[[ DATASET ENTRIES, beginning ]]

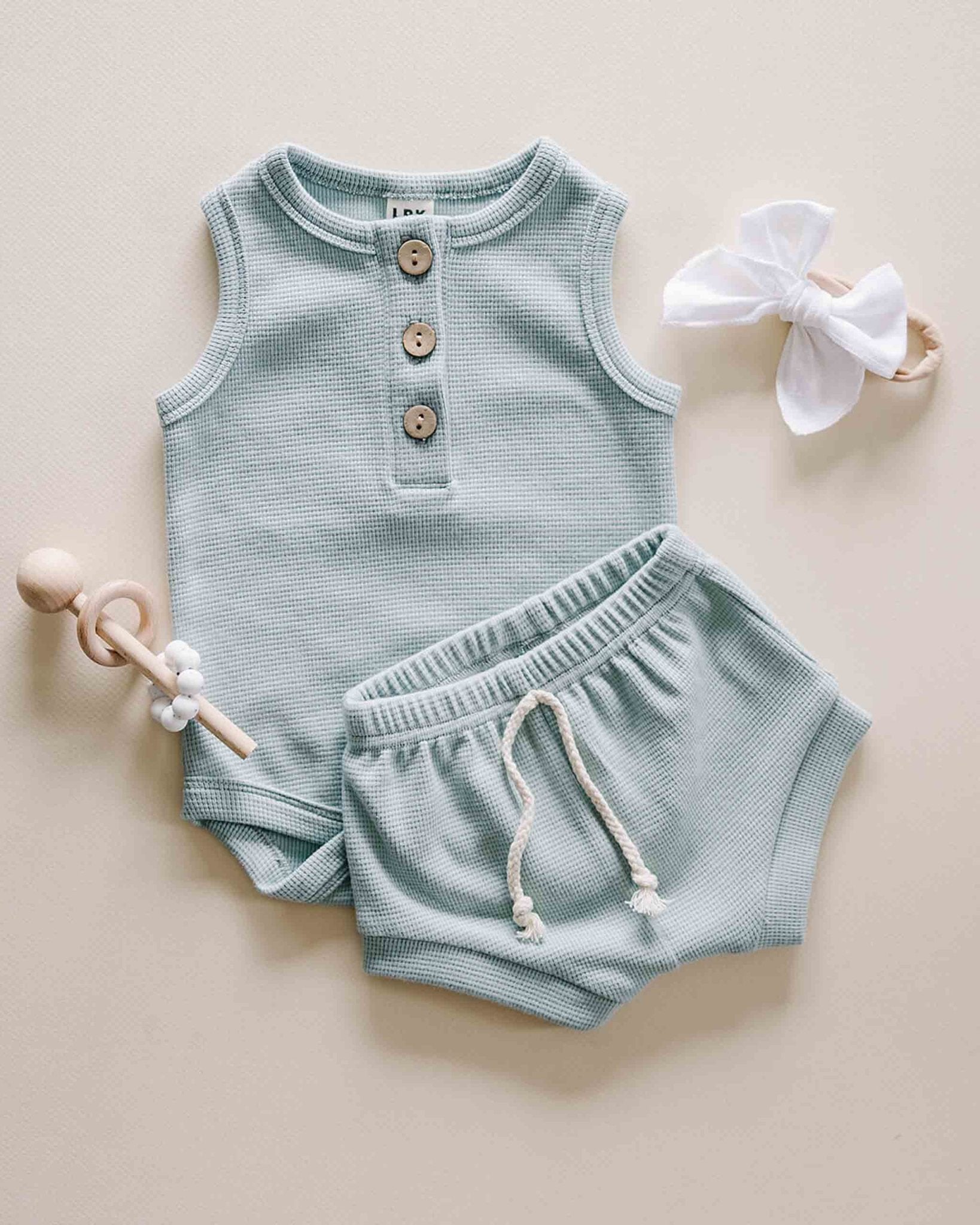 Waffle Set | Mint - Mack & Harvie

[[ DATASET ENTRIES, end ]]
[[ DATASET ENTRIES, beginning ]]

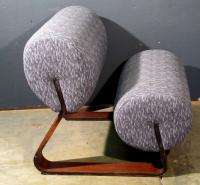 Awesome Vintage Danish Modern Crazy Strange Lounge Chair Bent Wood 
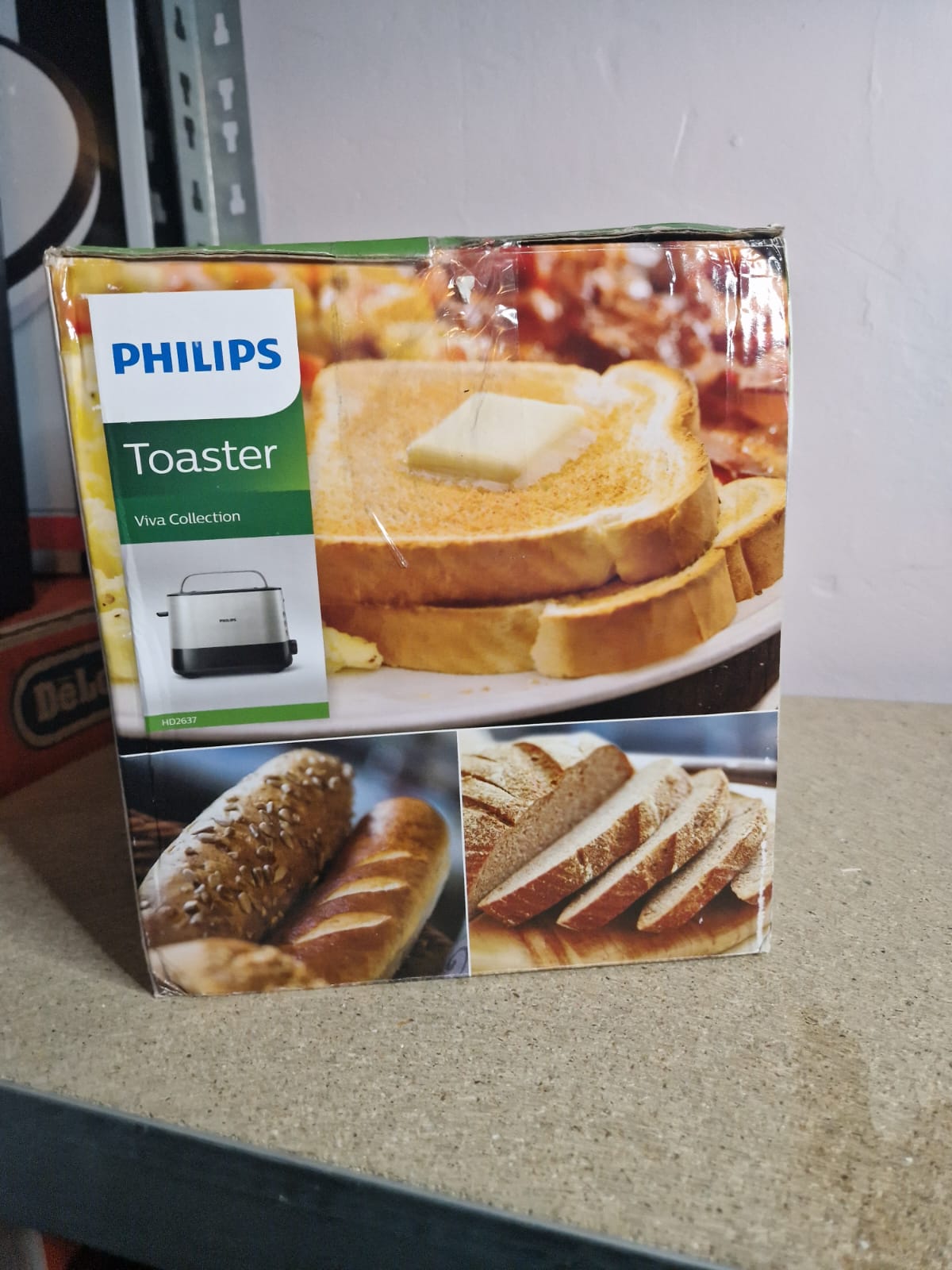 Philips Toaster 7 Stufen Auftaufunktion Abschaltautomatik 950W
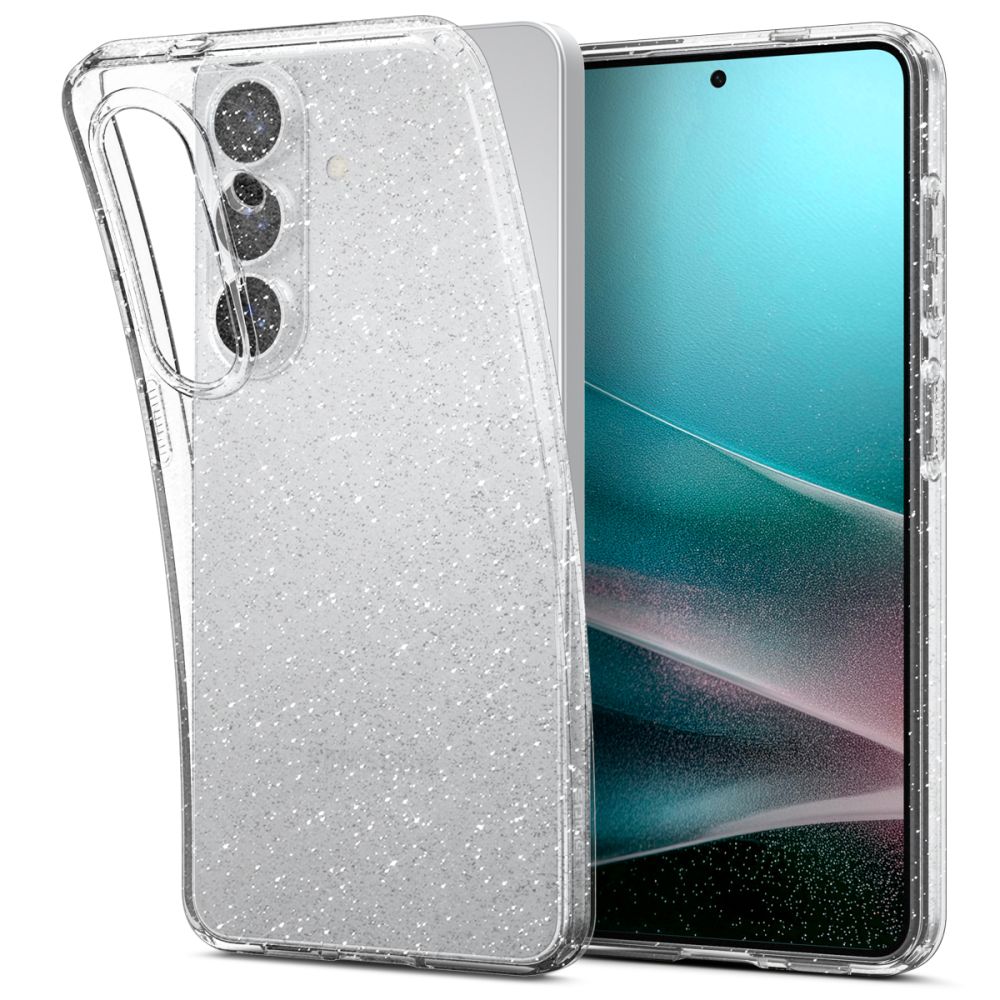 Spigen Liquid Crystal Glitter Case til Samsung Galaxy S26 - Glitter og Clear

[[ DATASET ENTRIES, end ]]

▸ ABOUT THIS EXERCISE:
Leaving every picture aside, reproduce exactly the lines above from the one with "Awesome Vintage Danish" up to and including the one with "Spigen Liquid Crystal", and no others.

▸ TASK OUTPUT:
 Awesome Vintage Danish Modern Crazy Strange Lounge Chair Bent Wood 
 Philips Toaster 7 Stufen Auftaufunktion Abschaltautomatik 950W
 Spigen Liquid Crystal Glitter Case til Samsung Galaxy S26 - Glitter og Clear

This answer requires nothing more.